The Performance of Grief

There's been a lot of comments, blogs, TV programmes today about 9/11 on the tenth anniversary of the attacks. My personal memory is that I was working, in Glasgow in an office in the science park out the far end of Maryhill Road. Would have been just after 2pm when one of the managers came down and said that a light plane had crashed into the World Trade Centre, which was what the first reports said as I remember it. Then everything in the office went quiet. There wasn't a phone call coming into the place, the only call we had all afternoon was from one customer who was in Brazil, and he was just told to put on the TV. He called back 3 weeks after if I remember right. And we all sat there watching the TV for the afternoon and seeing events unfold just as a group. One of the girls I worked with was trying to contact her parents that afternoon, as they were supposed to be flying from Boston that day. She found out they were ok hours later as I remember. And I can't tell you anything else about that week, or even that evening. What happened after everybody knows, eventually we wound up fighting in Iraq as an ultimate consequence of events that day, or that was one of the excuses used at least.

The thing is that it seems to be the amount of commemoration and talk about it comes across as almost a celebration of the events, and that should not be. It's not so much the overkill, and the amount of TV programmes, especially on the History Channel this week, but it's the way it's being done. I don't have any personal connection the the events, no-one I knew was there, I know no-one who died or was injured, so I don't feel any grief for those who died. Sympathy for the families yes, sorry for the loss of people but not actual grief for their deaths. I see grief as a personal thing, you need to know someone to feel it when they die, anything else is just sympathy, not real grief. You can appreciate the sacrifice of Soldiers and that kind of thing, but it's not really grief for their deaths.

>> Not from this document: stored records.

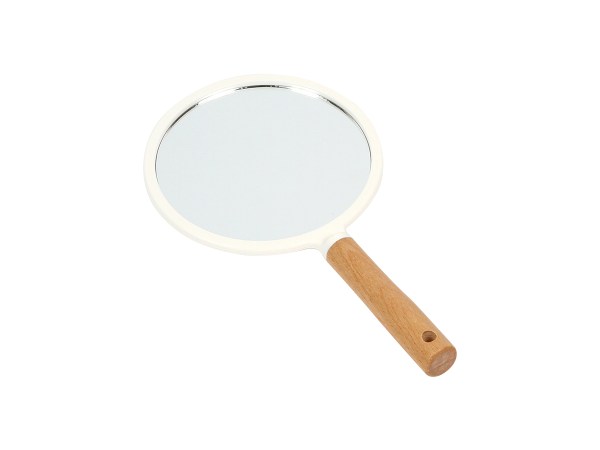 ESPEJO HAROL BLANCO BE-057B ( BE-057 / BE057 / ESPEJOS )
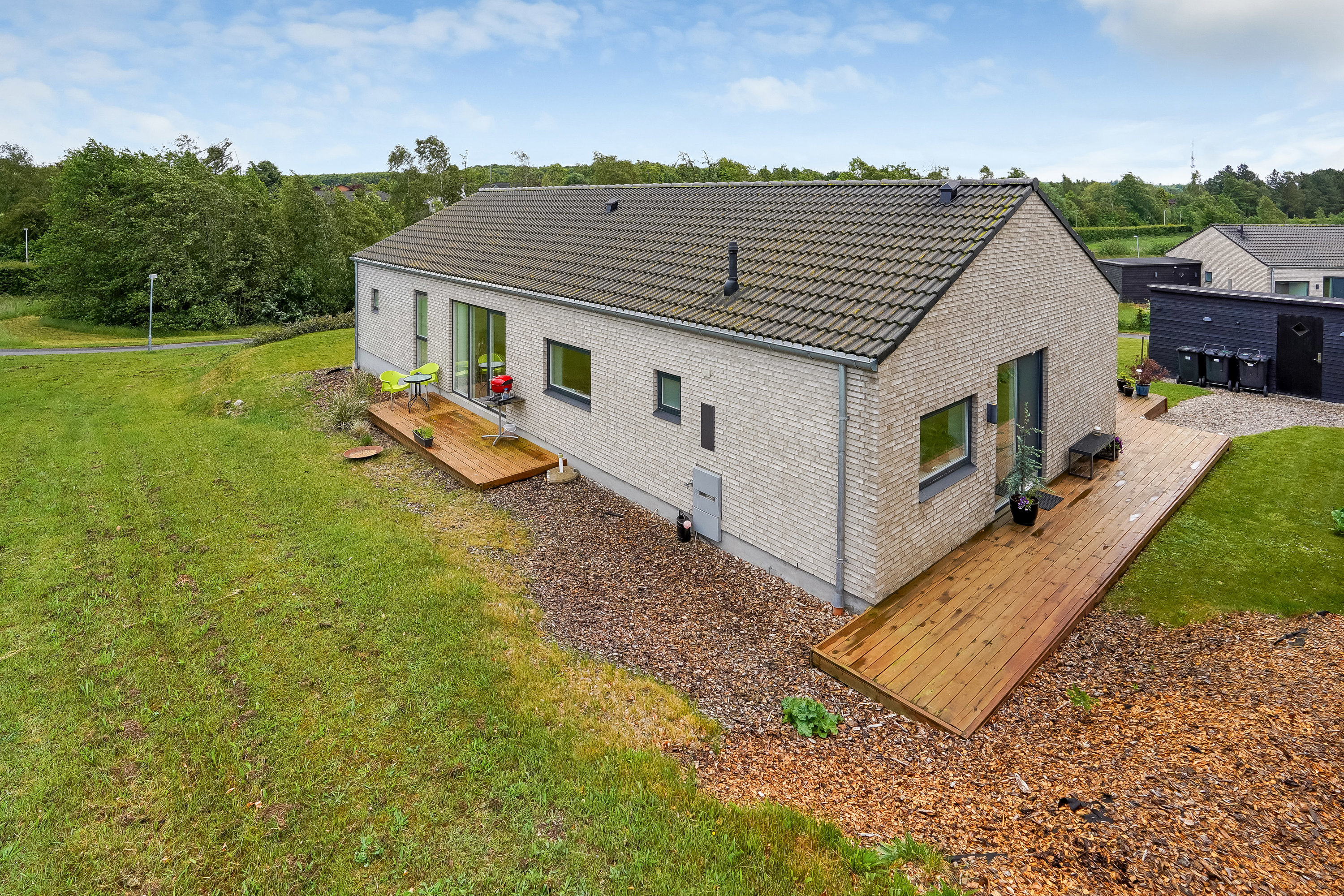 Fremhævet  billede i fuldskærmstilstand. Billede af Rosenholmgrenen 10, Morud, 5462 Morud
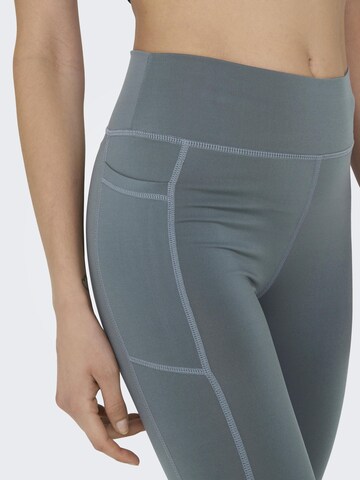 ONLY PLAY Skinny Workout Pants in Grey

But we seem to have come to a point where everyone has to grieve, this I think started with Tony Blair when Diana, Princess of Wales was killed in that car crash and he was saying the stuff about her being the peoples Princess. It's a national mourning thing that occurred, when everyone was supposed to be grief stricken for the loss of someone they saw in the papers but didn't know. I've never quite understood it, it seems to have taken on it's own life and become a performance of something you were meant to do and were not allowed to question.  In a sense it's the same with the meeting of the dead coming back from the war that Blair and Bush started at 9/11. In Wootton Bassett they were lining the streets when the bodies were repatriated. That started as a few people stopping to honour the dead as they returned, that being fair enough and a personal thing. But it then took on it's own life and it became a ritual, and in doing so it lost a bit of meaning. When it came to an end it was handed over to another town. That had become a performance, not a thing that was done for peoples own reasons, but just a performance that was put on without thought. It began another way, but that's how it ended up. Just a show. People may believe that it's right, and I'm not going to argue, we respect those who fight for us, or we should anyway, but I'm not sure that something being automatically done helps, I hope I'm never in a position to find out.